Well, anyone who agrees with my that the goddess Fate has a sharp sense of irony can guess what happened next. I reached over to close my laptop and knocked over my water bottle. Right onto my keyboard.
But I grabbed it and righted it in no time. Two, maybe three tablespoons of water at the most had actually landed on the computer. "No problem," I reassured myself. "It's just lucky I drink nice clean water rather than milky sugary coffee, and it's lucky I have reasonably fast reflexes."
Wrong, of course. When I returned to my desk after lunch, my keyboard was utterly unresponsive. No vowels. No consonants. No space bar. No hard return. No numbers or symbols or shortcut keys. Nothing.
I put out the cry for help every way I knew: on Facebook, on Twitter, via email (to a friend who is an IT expert), by phone (to my husband, who I already knew probably wouldn't have time to help me with a computer fix until approximately halfway through Labor Day weekend).
Responses and advice poured in. I followed it all. I wiped the computer thoroughly with a chamois cloth. Then I borrowed a hair dryer from my mother-in-law and ran the hair dryer over the keyboard for about twenty minutes. Then I put the computer next to a pedestal fan and ran cool air over it for another ten minutes. Then I submerged my computer in a pan full of uncooked rice. (Apparently this is a great trick to deploy if your cell phone gets submerged in water. The dried rice absorbs the moisture. I've repeated the adjective "dried" preceding "rice" here in hopes of lowering the inevitable odds that someone will think I said to do this with cooked rice.)
Then I did another hair dryer treatment. After that, the whole body of the computer seemed overheated to me, so I wrapped it in a cool damp towel. It really would have made more sense to just send my laptop to a day spa and ask for "The Works," with hot stone massage and apricot facial most definitely included.
Now I'm letting my computer rest. We'll reevaluate later today.
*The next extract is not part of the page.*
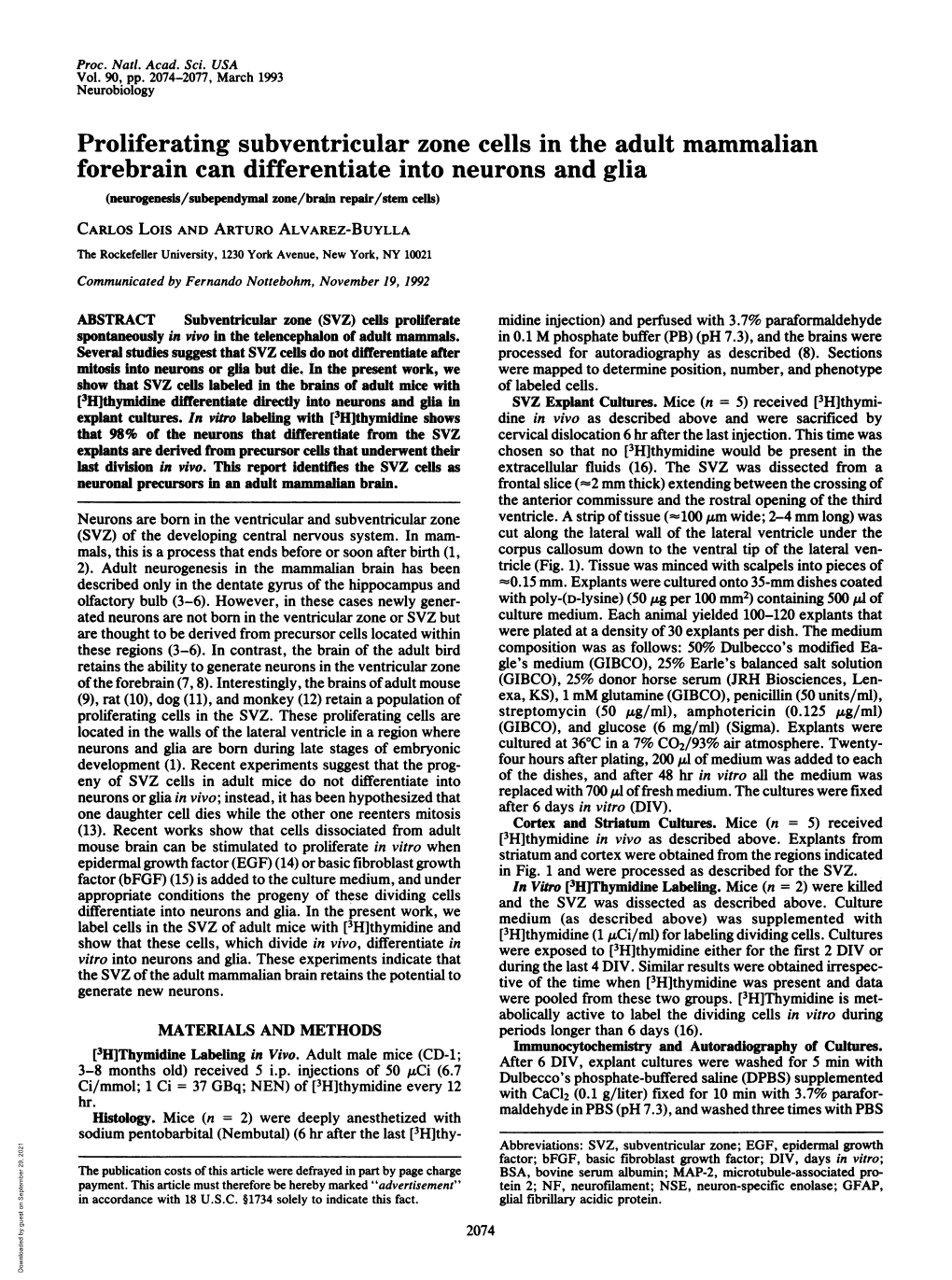 Proliferating Subventricular Zone Cells in the Adult Mammalian Forebrain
I have a different computer to work on in the meantime, and if I may indulge in a brief moment of self-righteousness, there is nothing on my regular laptop that I had neglected to back up -- yes, I learned that lesson the hard way and won't make that mistake again -- so I'm not worried about any particular files. I just want to be able to use the computer itself again sometime soon.
So in the end, lots of lessons learned. Don't snicker at your friends -- or your distant acquaintances -- when bad luck befalls them even in the form of a knocked-over coffee cup: you'll probably be next. Keep files backed up. Have plenty of uncooked (did I mention it has to be uncooked?) rice on hand. If you care about your computer, be prepared to indulge it with a full spa treatment at any time.
And, of course, no more full water bottles near the keyboard. The goddess of Fate might just catch me being dismissive of other people's computer problems once again, and this time the repair could be a lot more complicated than A Day at the Spa.